Encoding and decoding XML data as path sequences

Friday, July 4th, 2008 by Chris Catalfo

Lately I’ve been thinking about how to represent information about XML paths and data as a string.

For example, I’d like to be able to record the origin of this data:


<titleInfo type="alternative">
<title>Special edition using XSLT</title>
</titleInfo>

as something like this (with id and data as properties in a JSON object):


{"id":"titleInfo-2@type=alternative\title-1","data":"Special+edition+using+XSLT"}

I could then take the preceding id string, extract the provenance of the data, and recreate the original XML document.
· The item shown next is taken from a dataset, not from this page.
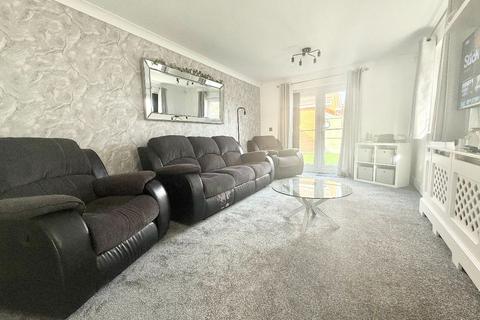 4 bedroom detached house for sale, Birch Close, Canvey Island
Here’s how I’ve tried encoding the XML path and data using an XSLT stylesheet:

For each text element, create an id consisting of:

  1. Each ancestor (except the root)
  2. A dash to delimit the ancestor element’s name from its position
  3. The integer position of that node in the XML file (using )
  4. Each of the ancestor’s attributes, in the form @attrname=attrvalue
  5. A backslash to be used a path delimiter
  6. The text element’s name

With this id, I believe I now have everything I need to reconstruct the node that the data referenced by that id came from.

After playing around with this a bit, I realized that what I’d done was basically reinvent XPath! In XPath, the preceding path in the id string would be represented as:

/titleInfo[1]@type=alternative/title[0]

OK…so next idea is to see if there are libraries out in the wild wild web for creating XML documents from XPath expressions (and not just querying XML documents). I see that the Perl module XML::XPath may offer a solution.

I also wonder if this is how XForms libraries keep track of what parts of an XML document have been edited….